## Input for this task
*** Block opens ***

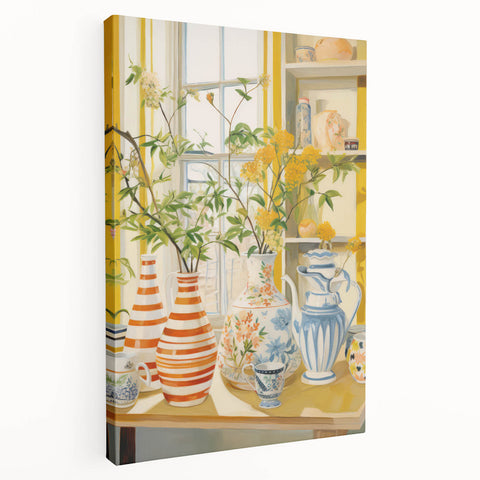 Electric Floral Still Life Wall Art with Vases | Vibrant Modern Decor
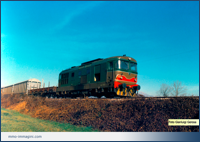 D343 2001 in corsa tra Renate e Besana. Queste locomotive sono praticamente scomparse dalla linea visto che il servizio merci su Besana  praticamente cessato.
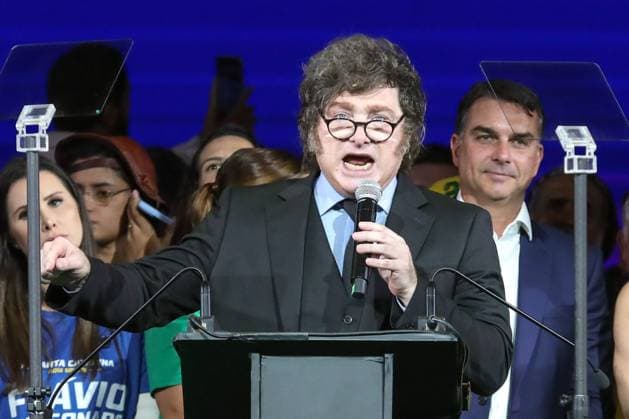 PL officially nominates Flavio Bolsonaro for president. President of Argentina, Javier Milei, during the national convention of the Liberal Party (PL) that formalized the candidacy of Senator Flavio Bolsonaro (PL) for the presidency of the Republic, at Mercado Pago Hall, in Arena Pacaembu, west zone of Sao Paulo, this Saturday, July 25, 2026. Sao Paulo Sao Paulo Brasil Copyright: xMarinaxUezimax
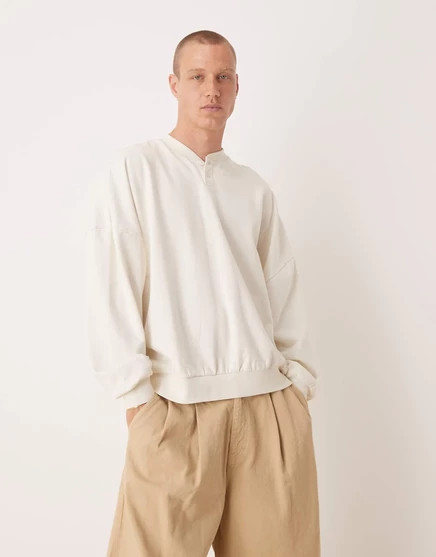 Экстремальная толстовка оверсайз от ASOS DESIGN белого цвета с воротником на пуговицах coconut milk
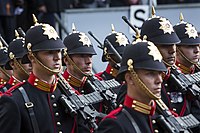 Marines wearing the full dress uniform during the annual parade on Prinsjesdag.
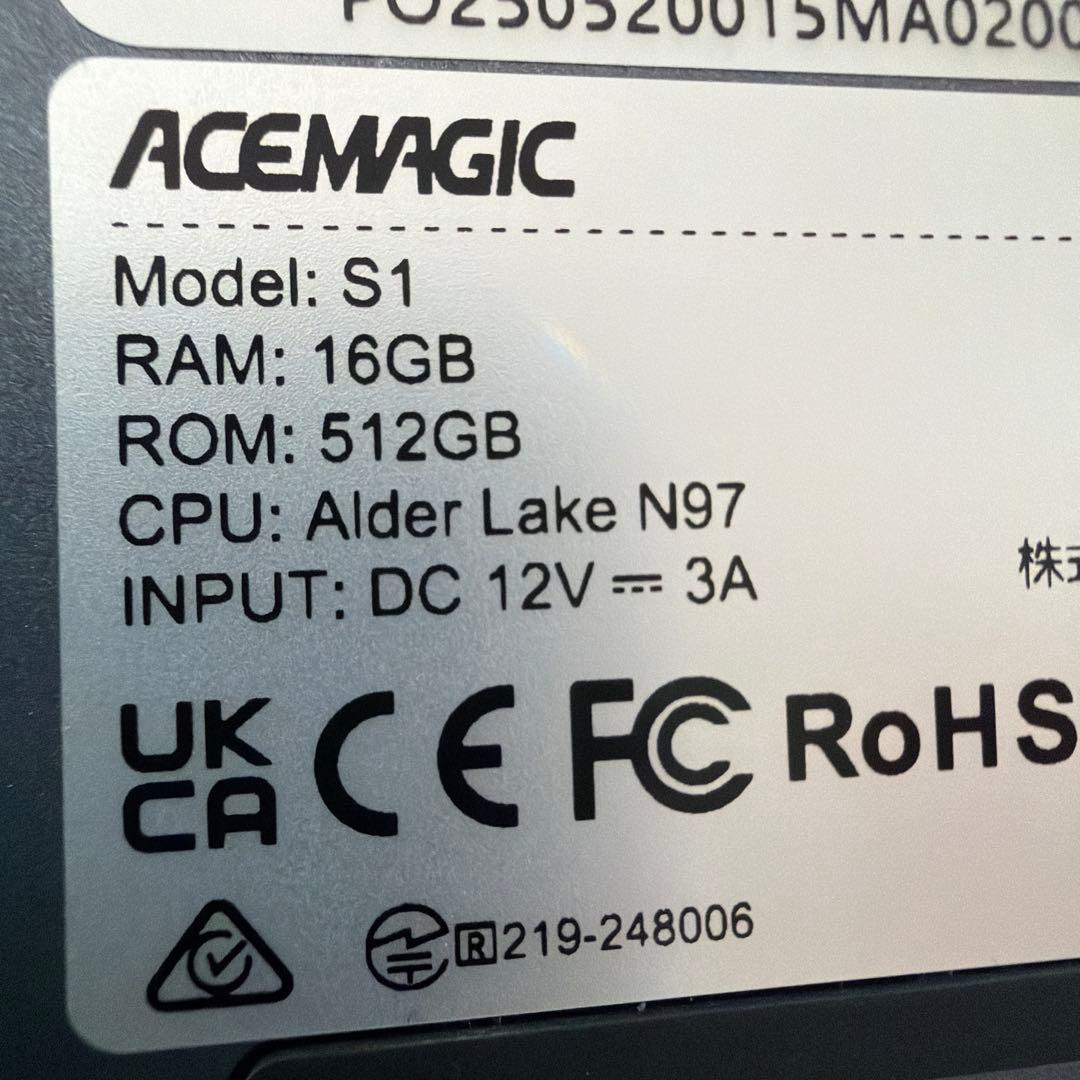 ACEMAGIC S1 ミニPC 16GB RAM 512GB ROM N97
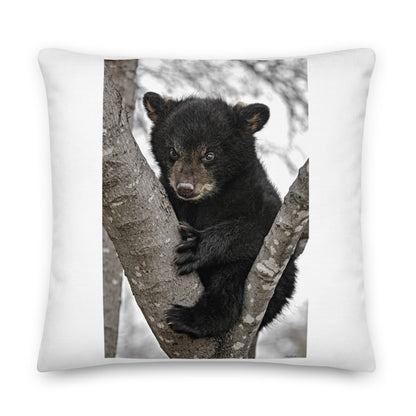 Premium White Stuffed Pillow - Baby Black Bear in a Tree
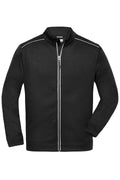 James & Nicholson Herren Workwear Melange-Fleecejacke black/black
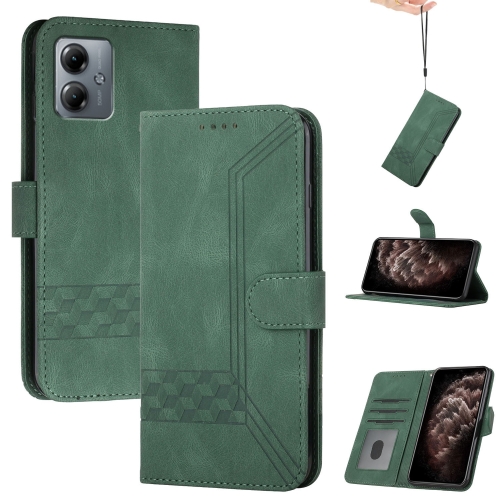 

For Motorola Moto G14 Cubic Skin Feel Flip Leather Phone Case(Green)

*** Block closes ***

## Problem description
Retype the lines starting with the one that holds "Marines wearing the" and ending with the last line of the data above, both included; skip the pictures.

## Worked solution
 Marines wearing the full dress uniform during the annual parade on Prinsjesdag.
 ACEMAGIC S1 ミニPC 16GB RAM 512GB ROM N97
 Premium White Stuffed Pillow - Baby Black Bear in a Tree
 James & Nicholson Herren Workwear Melange-Fleecejacke black/black

For Motorola Moto G14 Cubic Skin Feel Flip Leather Phone Case(Green)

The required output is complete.